Households and Stock Market in Financializing Malaysia – a Cultural Political Economy Approach
Malaysia is an interesting case study. Despite its grave experiences in the 1997 Asian financial crisis (AFC), which witnessed the weeding out of retail investors who held half of the stocks listed in the Kuala Lumpur Stock Exchange (KLSE) (Jomo, 2003, p.128), direct retail investors’ participation is still high at 19.05% and 48.5% of value and volume traded respectively as of December 2015 (Bursa Malaysia, 2015). Prior to the AFC, development of the stock market had been used as a solution to socio-economic and ethnic income distribution, guided by a controversial racial policy that ran from 1970 to 1990. The outcome of these different events sees a misfire of government’s initiatives and policies, a theme that we place specific interest on in this study.

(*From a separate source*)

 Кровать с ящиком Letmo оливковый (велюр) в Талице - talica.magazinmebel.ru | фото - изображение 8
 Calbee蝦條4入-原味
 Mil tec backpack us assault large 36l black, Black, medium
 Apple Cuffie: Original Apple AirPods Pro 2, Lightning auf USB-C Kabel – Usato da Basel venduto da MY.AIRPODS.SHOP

Following Engelen et al. (2011), we recognise political and business elites’ role in creating financial spaces, allowing them to grow and become more complex. We draw on Erturk et al.'s (2007) notion of infelicity, the discrepancy of promises and outcomes made by governments, to explore how such attempts to shape policy may be characterised by the authority behind political objectives, but which may not guarantee success. We will also extend the findings of Langley's (2008) study of the everyday life in observing how macroeconomic processes can transform financial identities and subjects at household levels by applying a Malaysian context to this understanding.
In exploring the financialization of Malaysian households, we question how the development of the Malaysian stock market has allowed for its activities to be entangled in the everyday lives of Malaysian households; with sub-questions of which events, policies, and political and/or business elites have been integral to the entanglement of stock market activities in the everyday lives of Malaysian households?

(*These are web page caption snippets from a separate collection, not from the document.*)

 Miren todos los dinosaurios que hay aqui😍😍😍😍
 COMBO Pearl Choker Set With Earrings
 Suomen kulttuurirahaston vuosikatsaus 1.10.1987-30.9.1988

A mixed methods study is carried out to address these questions. We begin with an analysis of official government documents and academic papers. Then, semi-structured elite interviews are carried out with high-ranking officials and officers from the government, government-link companies[1], financial institutions and the private sector. The interviews are used to explore: the impact of the 1970s onwards socio-economic policy on the stock market; the impact of the AFC on the Malaysian capital market; the differences between stock market activities pre- and post-AFC; the drivers of recent initiatives (government-led and otherwise) to bring retail investment back into the capital market; the discrepancies between institutional objectives; and the working out of financial inclusion including the limitations of financial literacy and financial education. Using these methods, we are able to construct both a historical analysis of the development of the stock; and critically analyse this development as an elite project with certain outcomes, exploring themes such as economic rationalism of nation building, narratives of money politics (described as state-business relationships), and modern-day issues of financial inclusion and inter-ethnic versus urban-rural divide. The analysis is presented through separate different economic and time periods.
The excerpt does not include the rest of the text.